Over the past few years, the outfield has been mediocre for the New York Mets. Jason Bay, Andres Torres, and other sub-par players have roamed the outfield grass at Citi Field.
Juan Lagares made the jump from Double-A to Triple-A in 2013 and, after performing rather well in the first handful of games, the Mets promoted the Dominican Republic native to the major leagues last year. Although he struggled to get adjusted to major league pitching, the 25-year-old has settled into his role with the Mets.
Hitting .279 this year, he now has the second-best average on the club behind Daniel Murphy, who is the only Met batting over .300. Following a solid first half of the season, Lagares cooled off in June and July, yet he has since started to heat up. Over the last 28 days, he is hitting .282 with 12 RBIs, and last night he hit his second home run in three games.
With his offensive abilities starting to reemerge, he continues to be among the best center fielders—if not the very best—in baseball. He's pacing National League center fielders with 29 defensive runs saved, far more than Arizona's Ender Inciarte and Cincinnati's Billy Hamilton. He also added another highlight-reel catch to his resume last night.
Here are some more interesting facts about Lagares courtesy of long-time Amazin' Avenue community member Gina:
The next three center fielders trailing Lagares in Fangraphs WAR are all over 500 plate appearances (Juan has 366).
Despite flashing great speed in the outfield he’s so far rated as a neutral/slightly negative base runner, so it’s possible that’s another place we could see him add some offensive value, especially as he gets more experience on the base paths.
Even with all his offensive holes he’s managed to be exactly average offensively.
While he does have a high BABIP he also has a huge line-drive rate and his BABIP isn’t actually well out of league with his comparable center fielders.
He also avoids hitting ground balls.

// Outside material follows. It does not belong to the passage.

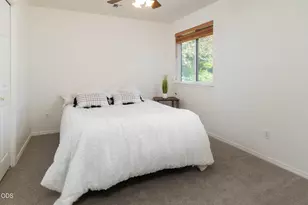 20725 Lyra Dr, Bend, OR 97703 - Photo 18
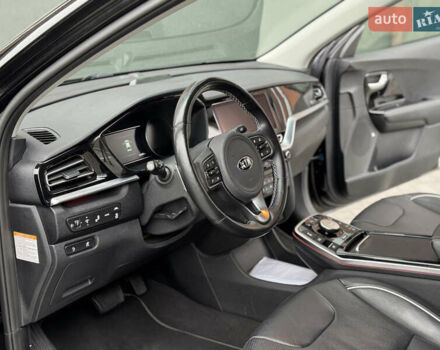 Черный Киа Niro, объемом двигателя 0 л и пробегом 132 тыс. км за 18699 $, фото 35 на Automoto.ua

If you think he’ll turn into a decent threat on the base paths then adding the infield hits to his repertoire will add some value. On the other hand, it also means he’s more likely to get sacrifice flies and avoid double plays and fielder’s choices.
As his career continues to progress, Lagares will be eyed as someone who can help lead the Mets back to the playoffs for the first time since 2006. Lagares is steadily improving, and an offensive surge is just what the team and its fans need at this point in the season.